Het personeel en de leidinggevende geven verschillende verklaringen over de wijze waarop de gewerkte tijd werd bijgehouden en hoe het loon werd berekend. Enkele personeelsleden verklaren niet de volledig gewerkte tijd uitbetaald te krijgen. Anderen verklaren dat wél de daadwerkelijk gewerkte tijd wordt uitbetaald. Na de inspectie vraagt de Nederlandse Arbeidsinspectie het hotel om de uren- en loonadministratie te overleggen. Na controle van de volledig overlegde uren- en loonadministratie van het hotel, acht de Nederlandse Arbeidsinspectie het aannemelijk dat de door het hotel overlegde urenregistraties niet de daadwerkelijk gewerkte uren bevatten (en dus onjuist zijn). Zonder daar nader onderzoek naar te doen, kent de Nederlandse Arbeidsinspectie meer gewicht toe aan de belastende verklaringen dan aan de ontlastende verklaringen en legt een boete op van € 33.000,- wegens overtreding van artikel 18b, tweede lid, Wml (het niet verstrekken van de loonadministratie).

Hotel start beroepsprocedure tegen boeteoplegging: taalbarrière en bewijslast in het geding

Het hotel is het niet eens met de boete en stelt dat de belastende verklaringen vermoedelijk zijn afgelegd doordat de personeelsleden de handelswijze bij de urenregistratie niet goed hebben begrepen vanwege taalproblemen.  Zij voert daarnaast aan dat er ten onrechte minder gewicht wordt toegekend aan de ontlastende verklaringen van andere personeelsleden en leidinggevenden. Het hotel beroept zich op het feit dat sprake is van een bestraffende (punitieve) sanctie en aan de bewijsvoering van de overtreding en aan de motivering van het sanctiebesluit strenge eisen te worden gesteld (ABRvS 13 augustus 2008, ECLI:NL:RVS:2008:BD9987). Uit de onschuldpresumptie van art. 6 lid 2 EVRM moet worden afgeleid dat de bewijslast bij de Nederlandse Arbeidsinspectie ligt. Daarbij zal twijfel in het voordeel van het hotel moeten uitvallen (ABRvS 5 juli 2017, ECLI:NL:RVS:2017:1818, ro. 7.5). Het hotel brengt naar voren dat de Nederlandse Arbeidsinspectie niet kan volstaan met het louter aannemelijk maken van de overtreding. De Nederlandse Arbeidsinspectie moet dat aantonen (zie tevens Kamerstukken II 2003/04, 29702, nr. 3, p. 131). Het hotel stelt dat de Nederlandse Arbeidsinspectie de verkeerde maatstaf hanteert door te besluiten dat zij het voldoende aannemelijk vindt dat het hotel de overtreding heeft begaan.
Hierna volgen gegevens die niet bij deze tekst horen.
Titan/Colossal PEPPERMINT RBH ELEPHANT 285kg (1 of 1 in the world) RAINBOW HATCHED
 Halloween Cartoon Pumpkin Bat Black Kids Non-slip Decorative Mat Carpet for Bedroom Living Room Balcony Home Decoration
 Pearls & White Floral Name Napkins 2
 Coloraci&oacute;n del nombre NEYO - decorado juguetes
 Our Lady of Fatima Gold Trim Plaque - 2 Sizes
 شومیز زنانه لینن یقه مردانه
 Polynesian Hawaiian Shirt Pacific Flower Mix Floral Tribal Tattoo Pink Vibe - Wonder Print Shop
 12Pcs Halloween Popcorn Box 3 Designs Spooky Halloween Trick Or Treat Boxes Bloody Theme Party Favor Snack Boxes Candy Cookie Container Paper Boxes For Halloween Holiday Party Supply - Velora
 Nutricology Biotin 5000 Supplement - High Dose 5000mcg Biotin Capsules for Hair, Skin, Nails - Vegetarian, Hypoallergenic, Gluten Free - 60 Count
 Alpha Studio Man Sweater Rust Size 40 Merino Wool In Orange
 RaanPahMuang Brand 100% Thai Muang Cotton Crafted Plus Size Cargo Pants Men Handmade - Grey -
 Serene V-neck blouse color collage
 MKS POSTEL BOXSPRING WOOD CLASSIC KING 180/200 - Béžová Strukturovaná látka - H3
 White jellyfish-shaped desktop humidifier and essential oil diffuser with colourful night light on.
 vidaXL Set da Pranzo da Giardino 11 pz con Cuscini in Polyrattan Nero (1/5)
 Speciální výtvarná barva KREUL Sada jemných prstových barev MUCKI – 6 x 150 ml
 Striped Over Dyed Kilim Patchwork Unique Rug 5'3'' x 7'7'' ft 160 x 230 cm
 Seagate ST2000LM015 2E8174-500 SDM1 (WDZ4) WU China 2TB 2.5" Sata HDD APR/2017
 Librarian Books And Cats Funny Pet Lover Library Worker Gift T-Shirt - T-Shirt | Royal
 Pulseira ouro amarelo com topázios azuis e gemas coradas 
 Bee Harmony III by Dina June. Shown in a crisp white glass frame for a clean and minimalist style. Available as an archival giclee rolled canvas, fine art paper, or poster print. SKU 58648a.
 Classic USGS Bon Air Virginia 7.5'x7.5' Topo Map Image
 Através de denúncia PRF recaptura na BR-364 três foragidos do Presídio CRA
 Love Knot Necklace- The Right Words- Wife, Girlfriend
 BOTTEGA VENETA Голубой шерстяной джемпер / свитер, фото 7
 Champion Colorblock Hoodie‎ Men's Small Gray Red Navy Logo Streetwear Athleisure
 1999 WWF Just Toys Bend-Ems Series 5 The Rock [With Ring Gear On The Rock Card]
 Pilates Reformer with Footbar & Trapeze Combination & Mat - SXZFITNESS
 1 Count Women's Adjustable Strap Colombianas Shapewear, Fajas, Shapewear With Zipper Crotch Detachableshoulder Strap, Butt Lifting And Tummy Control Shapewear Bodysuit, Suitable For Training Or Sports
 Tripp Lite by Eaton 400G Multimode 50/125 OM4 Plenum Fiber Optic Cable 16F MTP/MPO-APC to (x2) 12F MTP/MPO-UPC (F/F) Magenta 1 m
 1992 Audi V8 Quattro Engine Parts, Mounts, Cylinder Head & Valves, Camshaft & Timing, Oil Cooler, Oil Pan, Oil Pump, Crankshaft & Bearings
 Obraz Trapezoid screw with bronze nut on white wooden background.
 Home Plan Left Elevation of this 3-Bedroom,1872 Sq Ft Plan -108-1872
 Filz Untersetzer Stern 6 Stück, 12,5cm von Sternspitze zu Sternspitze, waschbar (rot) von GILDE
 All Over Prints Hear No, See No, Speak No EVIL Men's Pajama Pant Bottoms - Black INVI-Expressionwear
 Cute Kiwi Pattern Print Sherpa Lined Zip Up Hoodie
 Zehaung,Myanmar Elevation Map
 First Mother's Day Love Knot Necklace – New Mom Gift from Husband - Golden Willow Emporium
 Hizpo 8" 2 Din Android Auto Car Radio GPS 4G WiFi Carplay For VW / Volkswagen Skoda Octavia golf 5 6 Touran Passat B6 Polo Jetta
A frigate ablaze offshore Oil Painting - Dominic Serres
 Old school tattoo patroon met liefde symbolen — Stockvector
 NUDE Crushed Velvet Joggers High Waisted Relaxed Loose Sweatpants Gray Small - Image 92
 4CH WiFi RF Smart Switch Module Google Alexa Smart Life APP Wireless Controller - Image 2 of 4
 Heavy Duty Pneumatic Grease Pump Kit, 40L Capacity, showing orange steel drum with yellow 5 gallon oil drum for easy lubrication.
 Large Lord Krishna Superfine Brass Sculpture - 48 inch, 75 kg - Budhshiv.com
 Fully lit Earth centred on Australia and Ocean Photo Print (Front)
Rechtbank oordeelt: boete wordt vernietigd bij twijfelachtige overtreding

De rechtbank is het eens met het standpunt van het hotel. Het feit dat de Nederlandse Arbeidsinspectie twijfels heeft over de juistheid van de verstrekte urenregistratie, rechtvaardigt op zichzelf niet het opleggen van de boete. Volgens de rechtbank had de Nederlandse Arbeidsinspectie niet alleen op basis van belastende verklaringen mogen concluderen dat het hotel de overtredingen heeft begaan. Indien de Nederlandse Arbeidsinspectie twijfels had, had zij verder onderzoek dienen te doen. Daarnaast oordeelt de rechtbank dat door de wijze van totstandkoming van de verklaringen, niet de conclusies kunnen worden getrokken die de Nederlandse Arbeidsinspectie trekt. Omdat de verklaringen eerst auditief zijn opgenomen en later zijn uitgeschreven, bevatten ze geen nauwkeurige weergave van wat er daadwerkelijk is verklaard. Ook wordt de Nederlandse Arbeidsinspectie verweten dat verklaringen zijn afgelegd in het Engels, terwijl dat niet de moedertaal van het personeelslid was, en dat er slechts één verklaring op ambtsbelofte is afgelegd.

De rechtbank oordeelt dat niet vast is komen te staan dat het hotel de verweten overtreding heeft begaan. De opgelegde boete kan daarom geen stand houden en wordt vernietigd.

Conclusie

Bij bestraffende (punitieve) sancties zoals boetes worden aan het bewijs van de overtreding en aan de motivering van het boetebesluit strenge eisen gesteld. Volgens vaste jurisprudentie van de Afdeling geldt als uitgangspunt dat op het bestuursorgaan de bewijslast rust van een overtreding en dat, in geval van twijfel, aan de betrokkene het voordeel van de twijfel dient te worden gegund. In deze uitspraak worden criteria geïdentificeerd waaraan een boetebesluit moet voldoen om te kunnen voldoen aan deze strikte bewijs- en motiveringseisen. Verklaringen auditief registreren en later uitwerken, gesprekken voeren in een andere taal dan de moedertaal van de werknemers en verklaringen niet afleggen op ambtsbelofte, zorgen ervoor dat daaraan minder gewicht kan worden toegekend.